Laying the foundation for long-term success


With the new academic year under way there are reasons to be cheerful and ride the momentum. But it’s also hard to write on education at the moment, without being at best anxious – we’re still dealing with the collateral damage of lockdown.

The landscape we’re facing
A paper by the Education Policy Institute has identified the increasing proportion of disadvantaged children in persistent poverty as a contributory cause of the lack of progress with narrowing the disadvantage gap.  

The gap in attainment between rich and poor pupils is at a 10-year high. Children from less wealthy backgrounds are now 18 months behind their better off classmates thanks to schools being closed in 2020. (Closing the Gap?
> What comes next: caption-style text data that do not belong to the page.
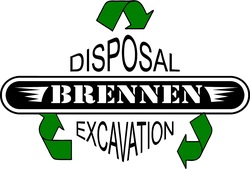 Brennen Disposal & Excavation Logo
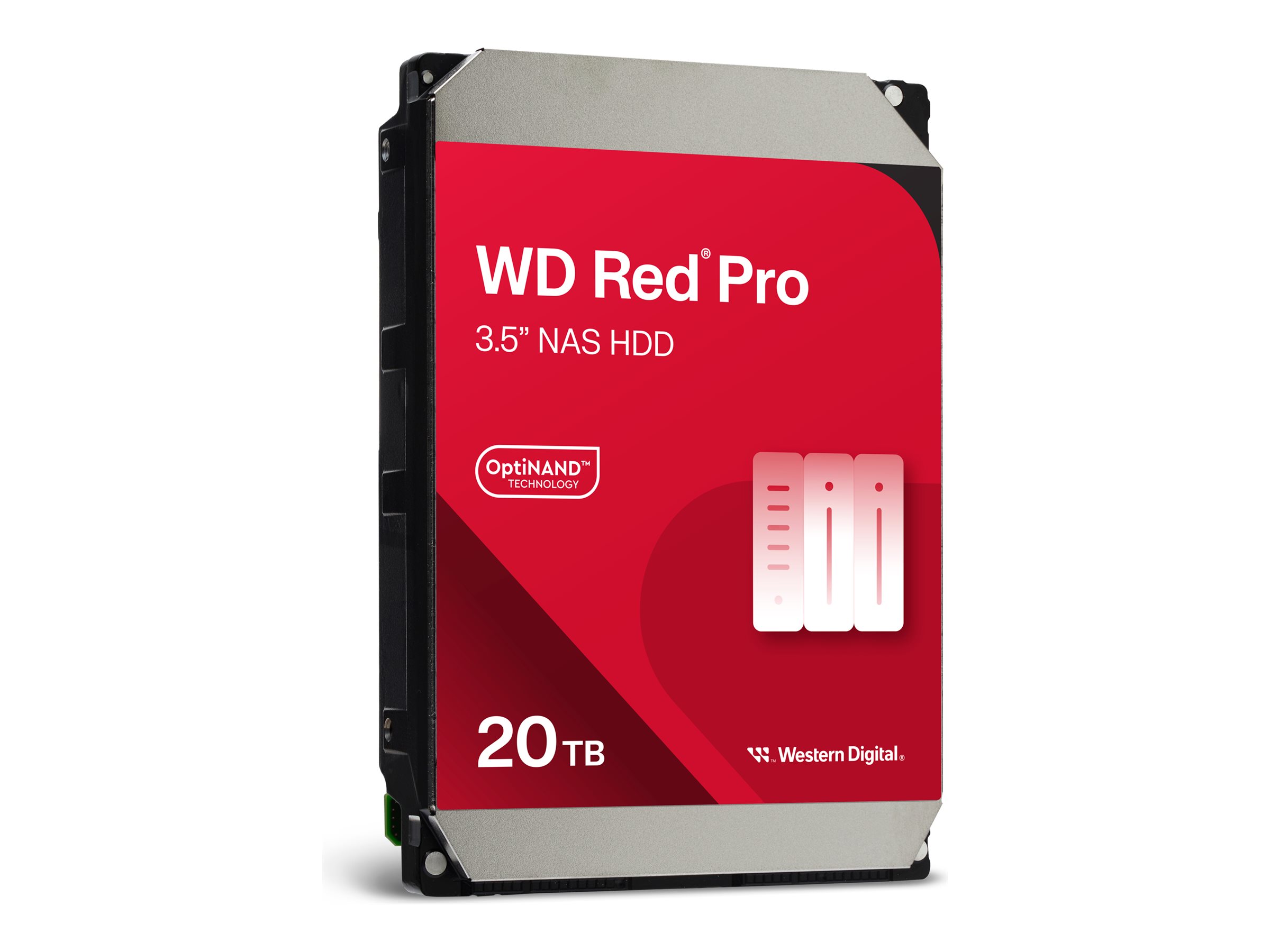 Festplatte WD Red Pro 3,5-Zoll SATA 20TB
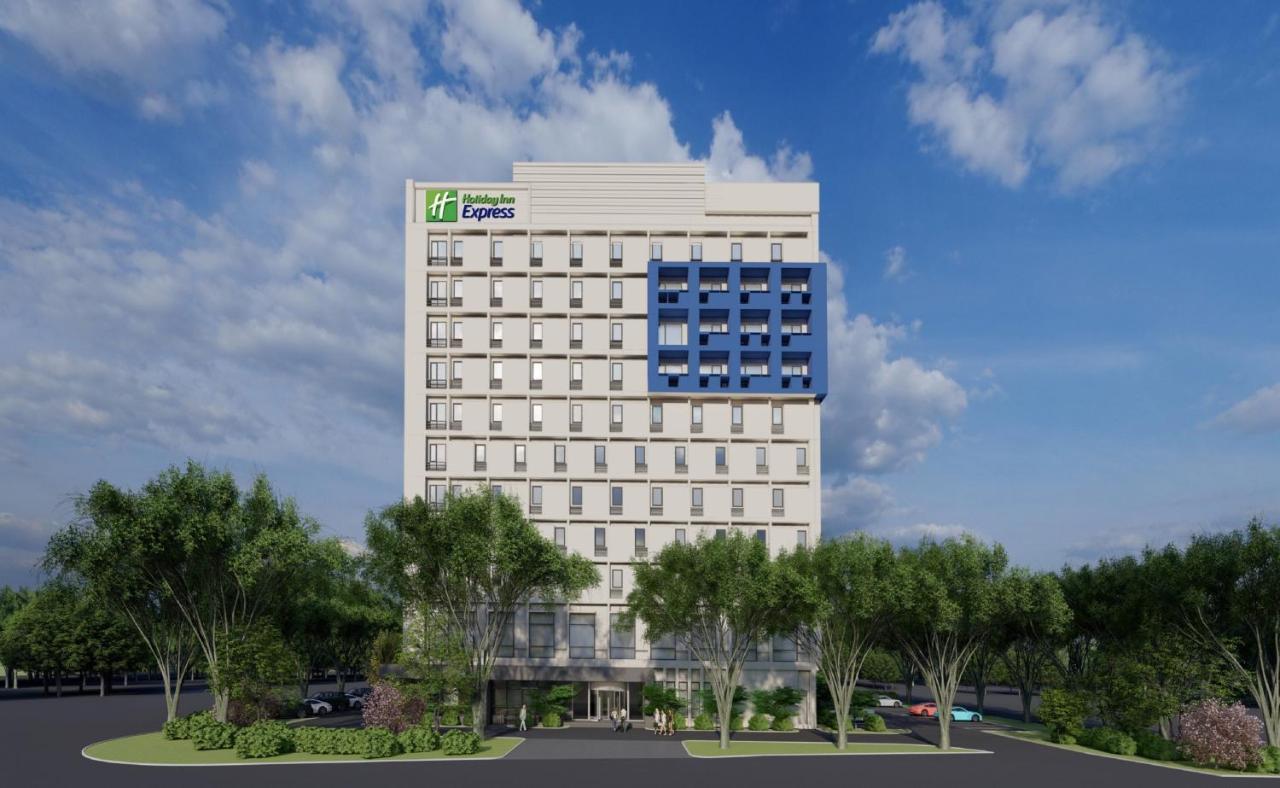 Holiday Inn Express Shanghai Pudong Airport By Ihg Екстер'єр фото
Trends in Educational Attainment and Disadvantage)

Levelling up remains an unmet challenge, while the resources needed to do so (or even indeed to remain in equilibrium) are under huge pressure – not helped by an economic crisis and five changes of Secretary of state for Education in a year.

It’s worrying that Government departments have been told to prepare for cuts to enforce “fiscal discipline” and the Treasury has said there will be “an update on school budgets in due course”. Whichever sector of education you look at, there is little comfort in current headlines:

  • Exponential rises in resource and energy costs have far outstripped budget;
  • Unfunded pay offer risks school funding crisis;
  • School trips could be axed in bid to save staff;
  • School cannot afford textbooks after £100,000 energy rise;
  • A network of school leaders in Worcestershire has expressed "grave concerns" about an "immediate funding crisis" caused by staff pay rises.
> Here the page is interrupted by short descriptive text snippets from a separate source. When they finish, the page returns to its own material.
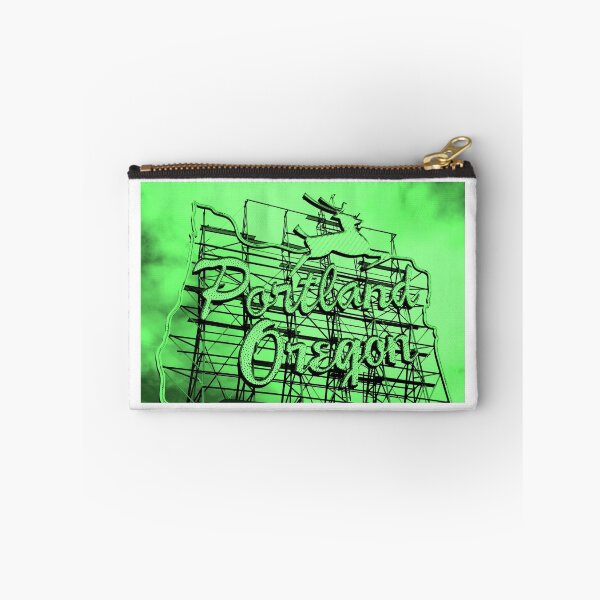 Item preview, Welcome to Portland (Green) designed and sold by AmishElectricCo.
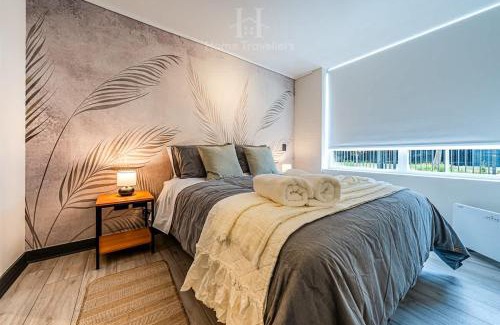 Nunoa Apartamento | HT Hermoso Departamento con Estacionamiento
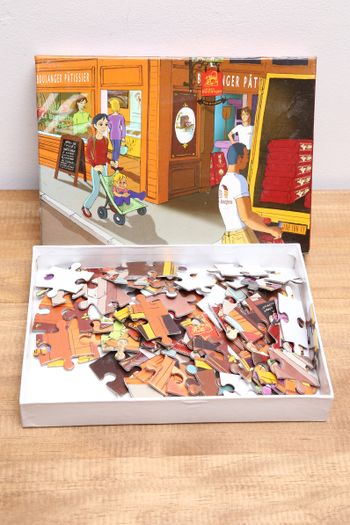 Puzzle boulangerie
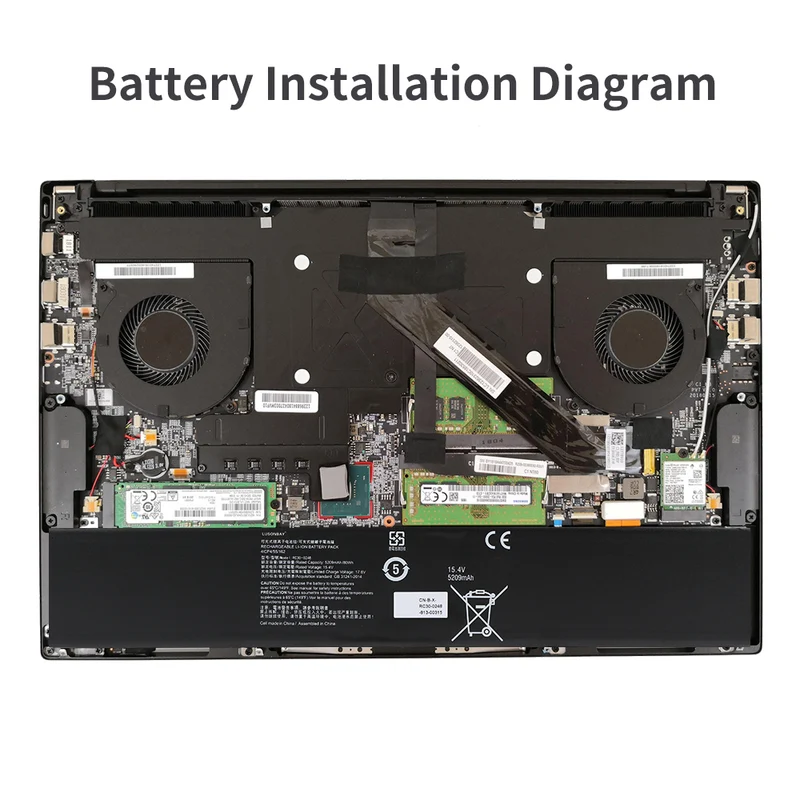 RC30-0248 RZ09-02386E91 Battery For Razer Blade 15 GTX 1060 1070 LUSONBAY | EU Stock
Against this background there will be renewed pressure for Schools to join successful Trusts, both for self-preservation against the external pressures faced in the sector, but also to capitalise in the skills, expertise and resources which emerge from working together.

There’s a telling quote from the former Secretary of State (Kit Malthouse) in a recent article:
That means getting into those schools that are not performing, really intervening firmly and swiftly, turning them around, ... not being shy to amalgamate trusts, to expand the good ones, backing quality where we can, being honest with the sector about what is needed.”

Future predictions
There are obviously limits and constraints to growth – but there is a clear imperative for Trusts to take the initiative in determining their own direction of travel within this national policy.  
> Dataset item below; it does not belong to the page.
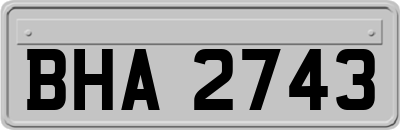 BHA2743
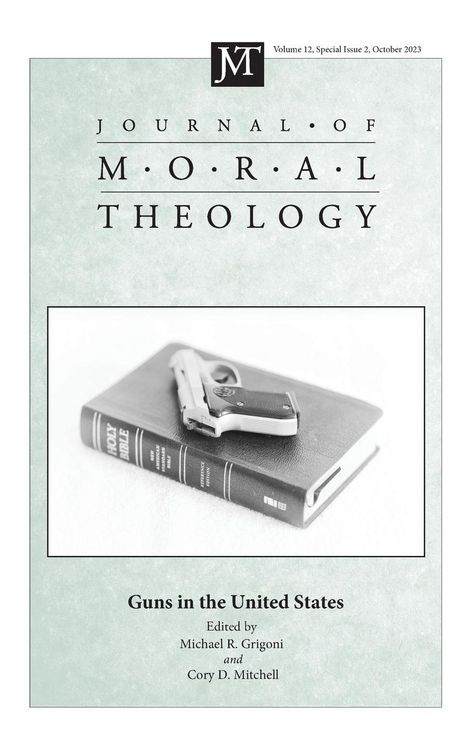 Produktbild: Journal of Moral Theology, Volume 12, Special Issue 2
Ideally – in growing a Trust – one would see quantifiable benefits both for the individual Schools concerned and for the Trust as a whole.

Whichever route is chosen, a need to undertake thorough due diligence, navigate the legal complexities of growth, and manage relationships with the DfE and ESFA will draw upon a skill set which may already exist in larger, established, Trusts but cannot be taken for granted.

A company such as EPM which concentrates on professional and sector expertise can be an essential partner and guide at each stage in a Trust’s life. Providing external challenge and support for Trusts to ascertain their readiness to grow in capacity, compliance, and strong governance, as well as providing a clear evaluation of the scalability of the operation: their strengths and areas for improvement. Afterall, it requires careful planning across every area of operation to develop successfully and establish a well-informed strategy; one built upon experience, insights, and best practices, to minimise disruption and make the best use of available resources. Leveraging our experience of working with over 2,600 Trusts we support all types of growth journey – from the first steps through to successful conclusion – by helping Schools and Trusts in the sector to develop a deep understanding of what it takes to grow effectively, operate efficiently, and support performance improvement for pupils and staff alike.

Money and resources are in stewardship for our children who are best served if these stewarded resources are managed in an effective and efficient way: if we don’t get the money right (contracts, resources, purchasing), and the logistics (tight scheduling and efficient deployment of staff, accurate data to inform policy and management), it’s the children who suffer.

Get it right, and we’re laying the foundation for their long-term success.